4.85 Where the provisions at regulation 26(3)(b) prevent the planning authority from granting permission, this does not alter the period for making an appeal or seeking a review on the grounds of non-determination of the application - see paragraphs below.

Local reviews

4.86 Once a decision is issued on an application for a local development where the application was delegated in accordance with a scheme of delegation the applicant can seek a local review of the decision. This must be done within 3 months from the date of the decision notice.

4.87 Where such an application is not determined within the 2 months (or 4 months on Schedule 2 EIA cases) for determining the application, the applicant has 3 months from the end of that period within which to seek a local review on the grounds of non-determination of the application. If the review body does not conduct a review within 2 months from the date on which the applicant seeks the review, there is a right of appeal to the Scottish Ministers.

4.88 In these local review cases, the right to seek a review on the grounds of non-determination will in effect lapse after 3 months running from the end of the 2 month period for determining the application. The applicant would, however, be able to seek a review of the decision on the application once it is issued.

4.89 These procedures for local reviews also apply to applications for approval of matters specified in conditions in relation to planning permission in principle (or other applications for approval, consent or agreement sought as a result of a condition on planning permission) which have been delegated under a section 43A scheme of delegation on the basis that they relate to local developments. Reference should also be made to the Town and Country Planning (Schemes of Delegation and Local Review Procedure) (Scotland) Regulations 2008 ( SSI 2008/433) and its accompanying circular (7/2009).

Appeals to Ministers

4.90 In any other case (e.g. a local development not delegated under section 43A, a national development or a major development), the applicant has a right of appeal to the Scottish Ministers against the decision of the planning authority on the application. Such an appeal must be made within 3 months of the date of the decision notice.

4.91 Where such an application is not determined within the appropriate 2 month or 4 month time period, the applicant may appeal to Ministers within 3 months from the end of the period or, alternatively, may await a decision by the planning authority - following which the applicant can still lodge an appeal against the terms of that decision.
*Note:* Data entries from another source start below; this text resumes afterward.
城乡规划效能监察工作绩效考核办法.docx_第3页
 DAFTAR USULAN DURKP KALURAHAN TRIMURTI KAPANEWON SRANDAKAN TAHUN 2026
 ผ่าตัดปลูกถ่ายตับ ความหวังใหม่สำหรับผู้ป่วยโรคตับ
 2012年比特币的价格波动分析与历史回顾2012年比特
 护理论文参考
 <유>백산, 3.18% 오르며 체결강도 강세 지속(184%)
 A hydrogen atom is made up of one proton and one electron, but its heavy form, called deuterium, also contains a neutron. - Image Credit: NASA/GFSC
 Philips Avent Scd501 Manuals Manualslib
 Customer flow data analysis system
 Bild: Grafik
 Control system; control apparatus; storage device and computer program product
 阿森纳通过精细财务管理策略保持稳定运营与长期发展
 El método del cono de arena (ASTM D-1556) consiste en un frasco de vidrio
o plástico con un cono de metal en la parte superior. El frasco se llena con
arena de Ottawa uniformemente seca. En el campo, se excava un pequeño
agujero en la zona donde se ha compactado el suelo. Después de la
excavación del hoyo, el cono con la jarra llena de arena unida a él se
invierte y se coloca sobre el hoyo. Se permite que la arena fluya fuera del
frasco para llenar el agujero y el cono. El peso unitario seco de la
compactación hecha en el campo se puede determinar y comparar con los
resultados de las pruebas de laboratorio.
4.92 The applicant and planning authority can agree in writing an extension to the 2 or 4 month period, during which the right of appeal on the grounds of non-determination would not apply. In the absence of a decision after the agreed extension, the applicant would have 3 months in which to appeal on the grounds of non-determination, or, again, could await the final decision.

DECISION NOTICES

( Regulation 28)

4.93 With regard to applications for planning permission or for approval of matters specified in conditions attached to planning permission in principle or any other consent, agreement or approval required by a condition attached to planning permission (i.e. including those that do not require a formal application under regulations 9 to 12, the planning authority, within the prescribed time periods for determining the application (see paragraph 4.81 - 4.85 above) must:

(a) Provide a decision notice to the applicant or their agent; and

(b) Notify every person who made written representations (and provided an address, including an e-mail address) on the application of their decision and where a copy of the decision notice is available for inspection.

4.94 Where 3 or more people have made representations in a single document, the planning authority is only obliged to notify the person who sent the document, where the planning authority can readily identify that person from the document. Where that is not possible, the planning authority would only be required to notify the first named person on the document for whom an address is provided. Again, reference to address can be read as including an e-mail address.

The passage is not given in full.